Problem is, it's not working.

So says the "Aya-Cola," Sergio Zyman, two-time marketing czar of Coca-Cola and today quite possibly the most famous marketer--and marketing gadfly--in the world. Brilliant and irascible, Zyman is best known for reinventing The Coca-Cola Company's marketing approach by spearheading the launches of such world-class global brands as Diet Coke, New Coke, Classic Coke, Fruitopia, and Sprite. Over a combined thirteen-year period, Zyman directed a zestful multibillion-dollar marketing effort, masterminding such timeless campaigns as "Coke Is It!" and "Always Coca-Cola," that resulted in sales of more than 15 billion cases of Coke products per year to over 5 billion consumers in 190 countries.

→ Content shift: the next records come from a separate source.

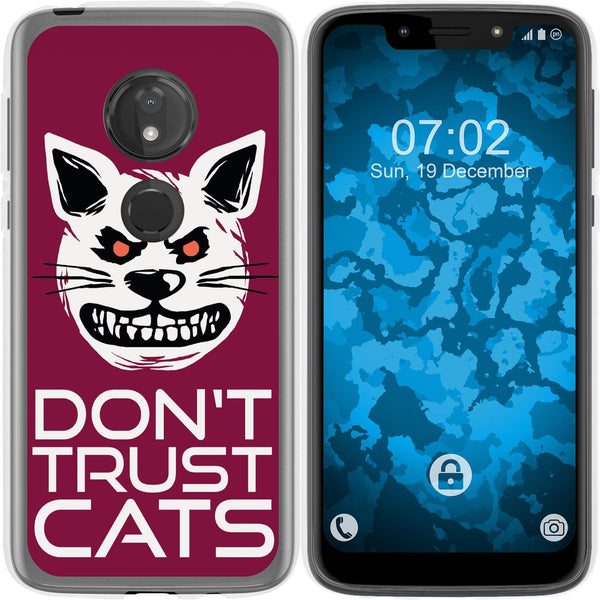 Moto G7 Play Silikon-Hülle Crazy Animals Katze M1 Case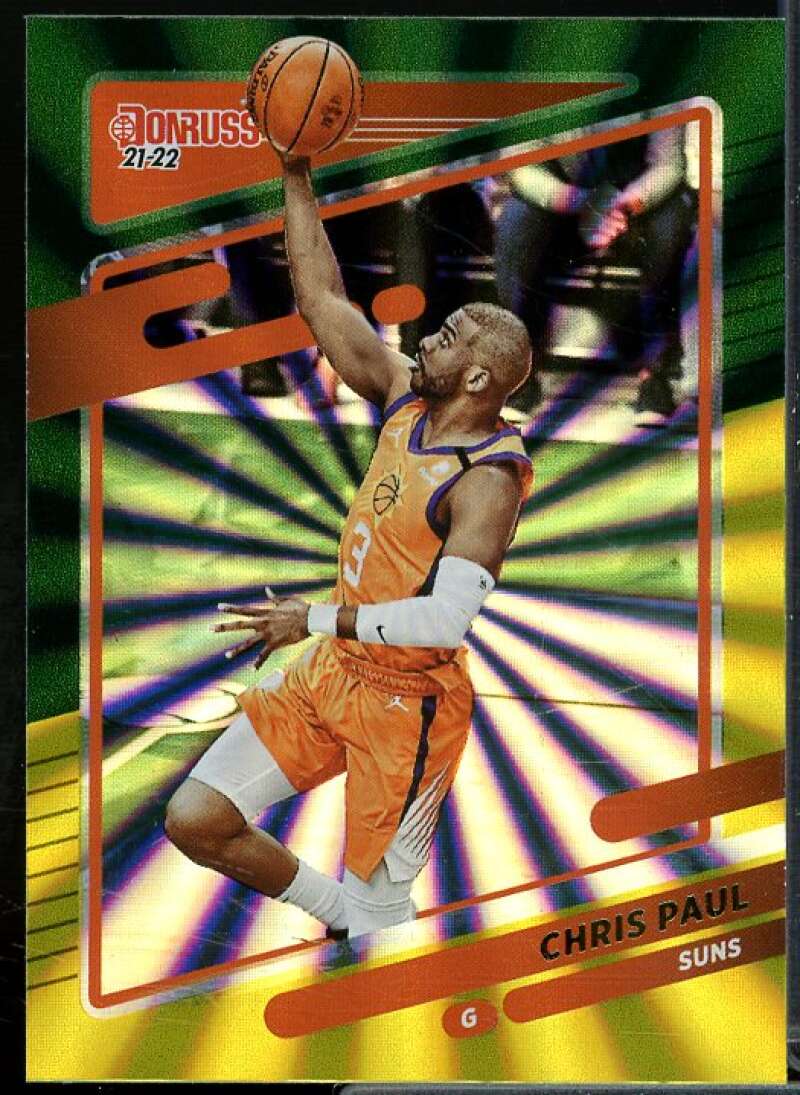 Chris Paul Card 2021-22 Donruss Holo Green and Yellow Laser #178  Image 1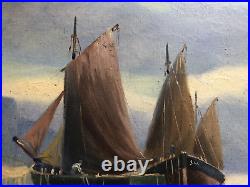 Ancien tableau HST Peinture Marine Voiliers JULES VERNIER 1862-1937 XIXème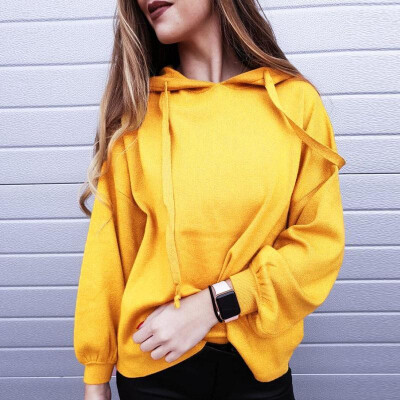 

Fashion Women Autumn Hoodies Solid Color Long Sleeves Drawstring Hooded Pullover Top Sweatshirt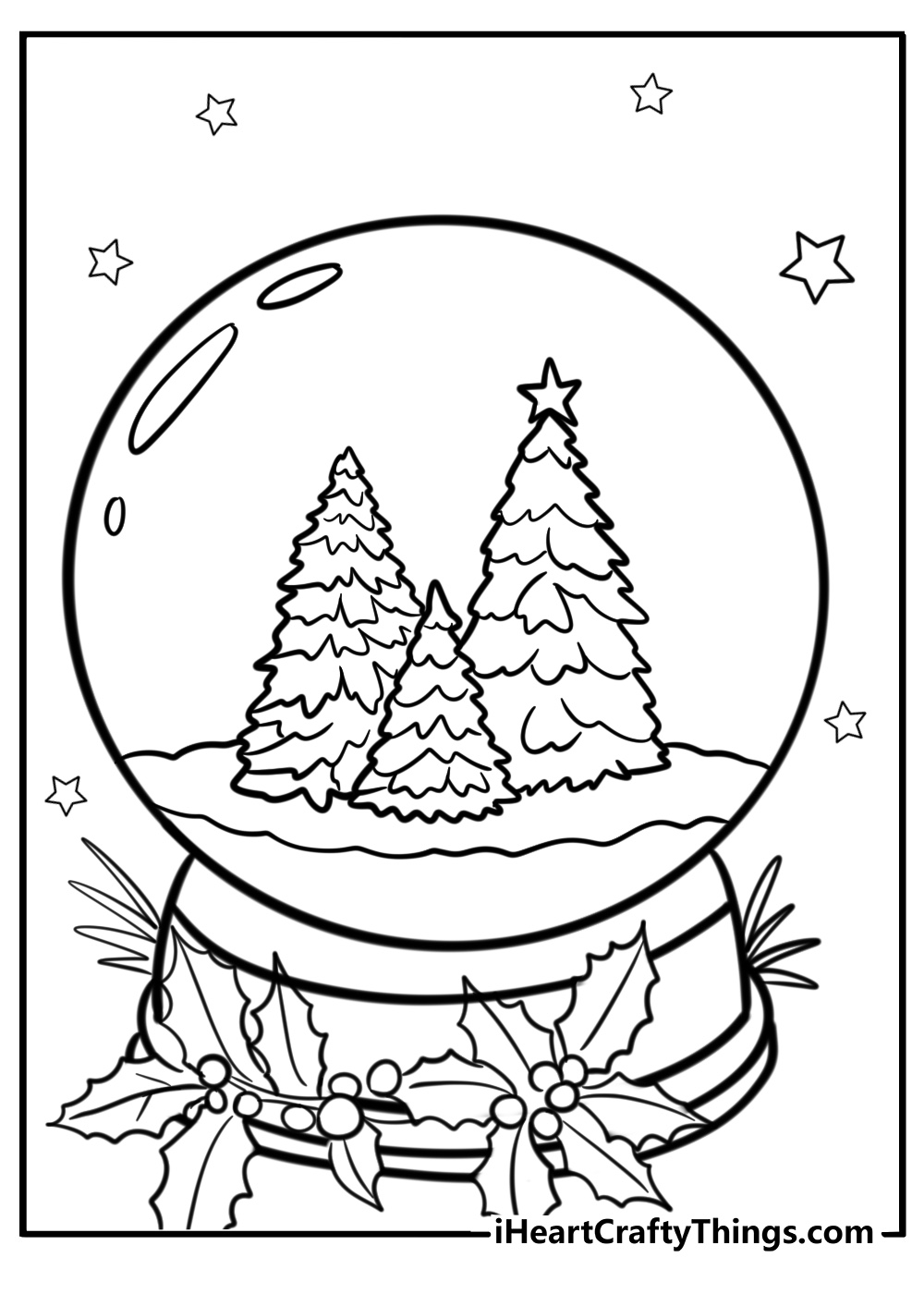 Snowglobe with a festive wreath free coloring page pdf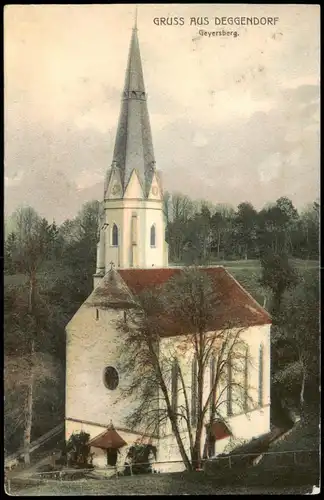 Ansichtskarte Deggendorf Kirche - Geyersberg 1908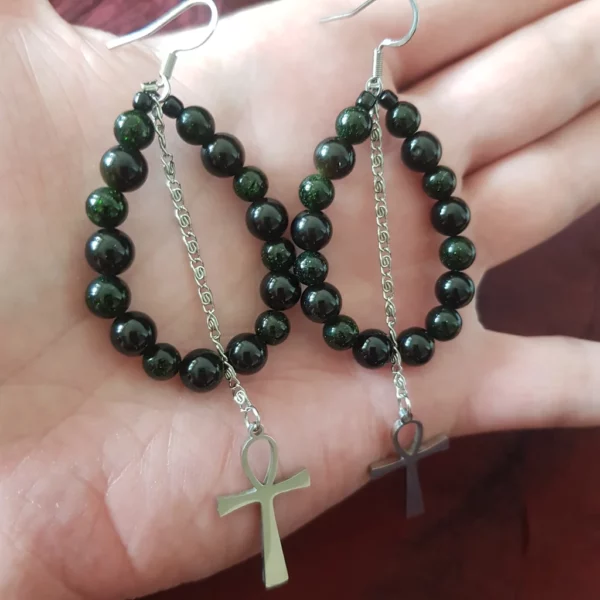 Boucles d'oreilles croix de Ankh en jade et obsidienne – Image 2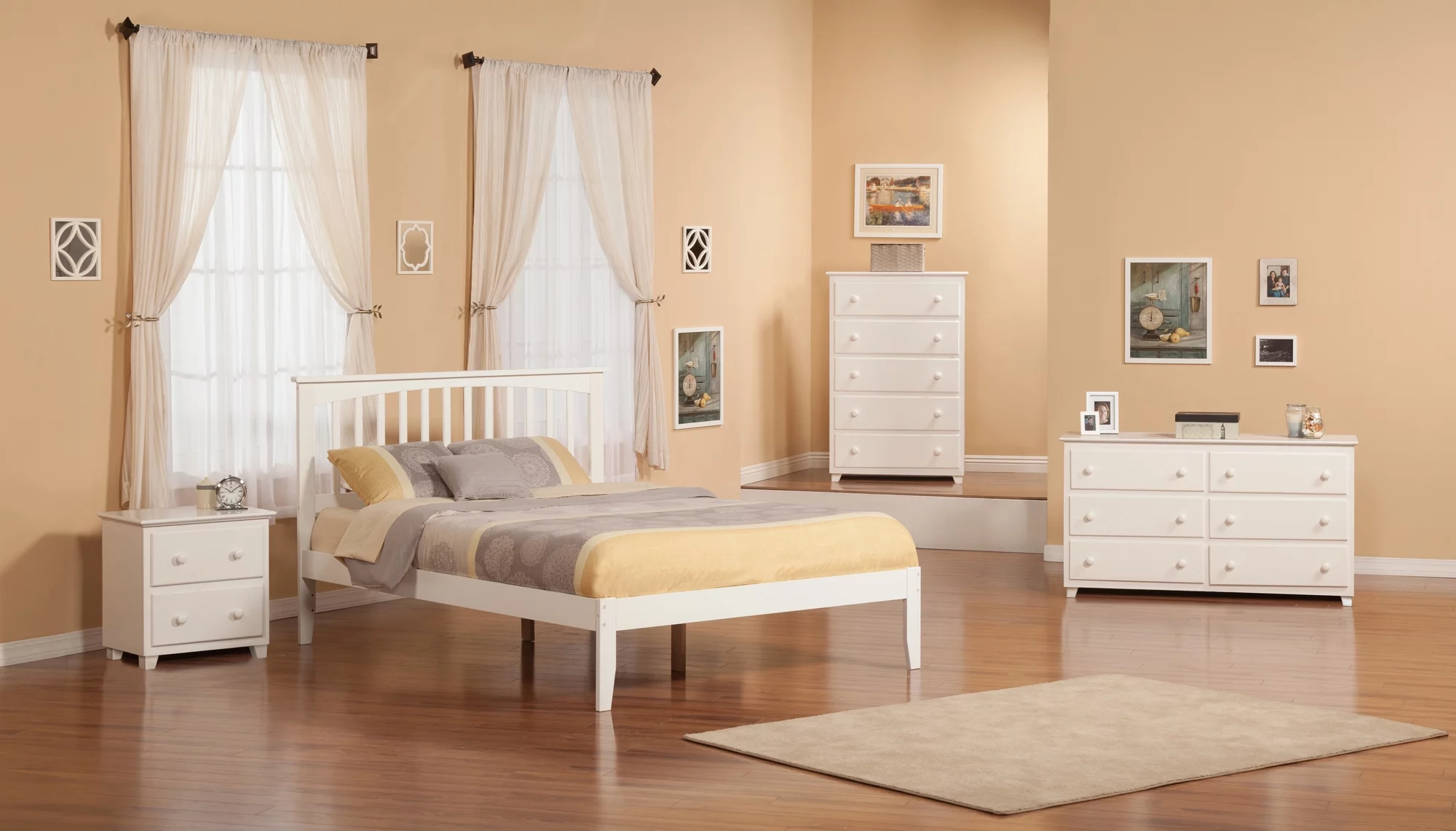 Mission Queen Platform Bed with Open Foot Board in White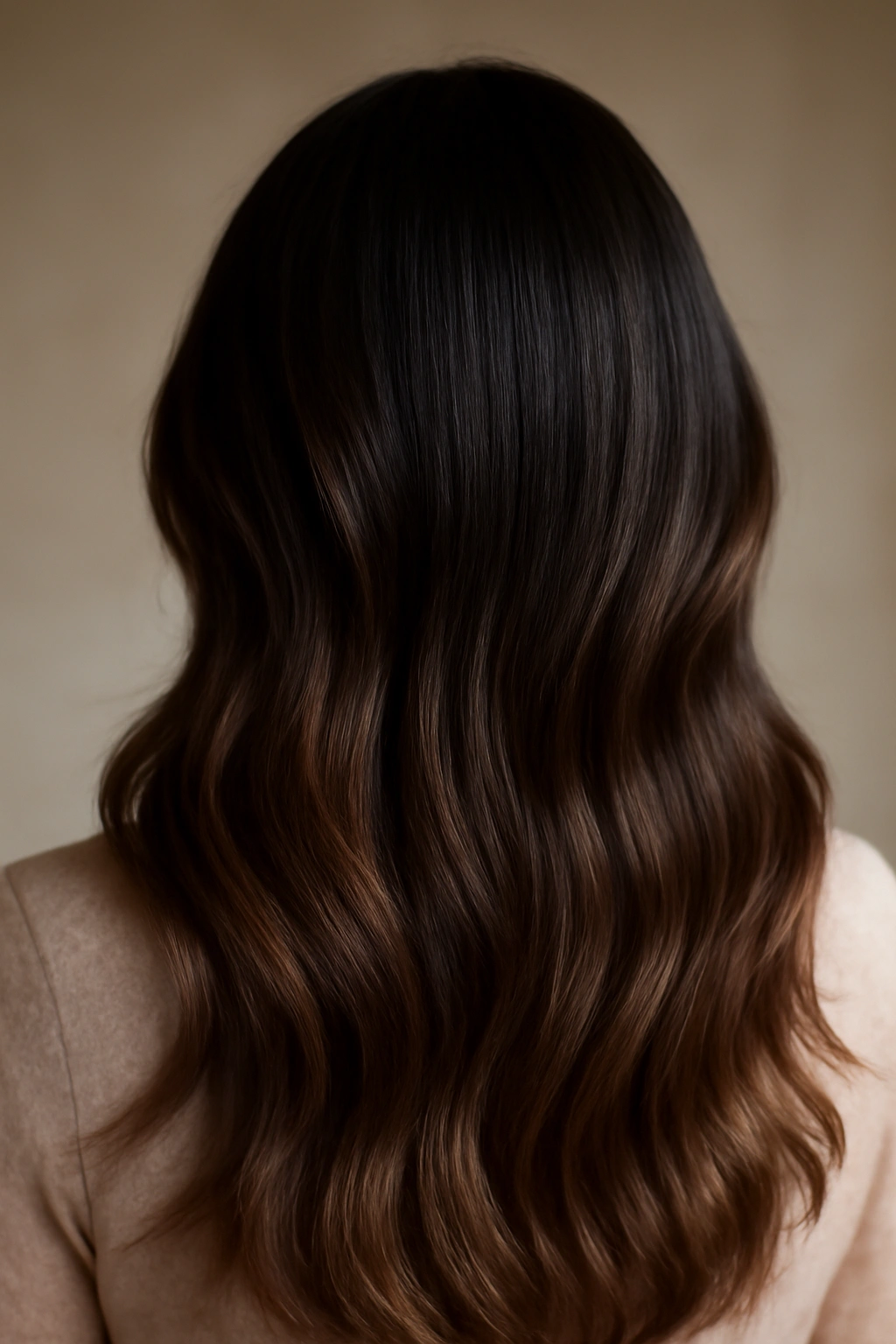 Shadow-rooted dark chocolate hair gradient from roots to ends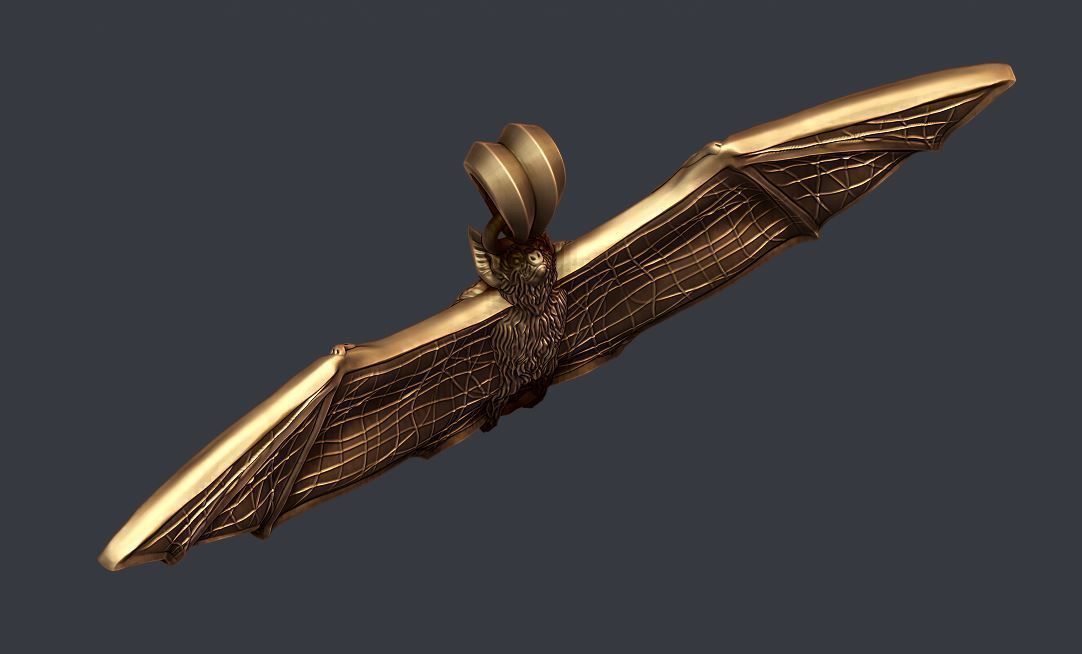 Bat pendant 3D print model_8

In "The End of Marketing As We Know It," Zyman reveals, with characteristic flair, the counterintuitive and often provocative marketing strategies and tactics that earned him the nickname "Aya-Cola" on Madison Avenue and helped to increase the market value of The Coca-Cola Company from a mere $56 billion to an astounding $193 billion in just five years. Shattering the mystique surrounding the discipline of marketing and upending the tradition of creating popular, crowd-pleasing ads and promotions, Zyman recounts such illuminating anecdotes as why he decided not to rerun the much-loved "I'd like to teach the world to sing" Coke commercial and why "feel-good" marketing is pointless unless it results in sales.He also explores:

  • Why marketing isn't an art but a science

  • How a well-honed strategy is more important to your success than what your ads say

  • How everything communicates--and what that means to consumers

  • The rise of consumer democracy--and the threat of consumer communism

  • How marketing locally is necessary to build global equity

  • Why marketing is too important to be left to the marketing department

  • How ad agencies are fixated on the wrong things

    And why:

  • It's crucial to increase your marketing budget--not to cut it--when sales are down

  • Megabrands are a terrible idea, but huge brands are a great idea

  • It's suicide to base your sales projections on previous performance

  • You must be focused on profit, not volume for volume's sake

  • It's sometimes necessary to enter a category just to kill it

  • All marketers must be accountable to shareholders

Visionary and rogue, "The End of Marketing As We Know It" captures a seismic shift in marketing, from the master of the trade.



Editorial Reviews

Amazon.com Review

Remember the New Coke? A disaster, right? Or how about the commercial where "Mean" Joe Greene meets a little kid holding a bottle of Coke? A masterpiece, right? Wrong, on both counts. Sergio Zyman, who was the chief marketing officer at Coca-Cola, will tell you that while the New Coke nose-dived, it--and the subsequent reintroduction of Coke Classic--helped to reconnect people to the soft drink and revitalize a brand that was losing market share to Pepsi. And as for "Mean" Joe Greene, while people loved the ad, it wasn't doing what good marketing should do: sell product, which is what Zyman's book, The End of Marketing As We Know It, is all about.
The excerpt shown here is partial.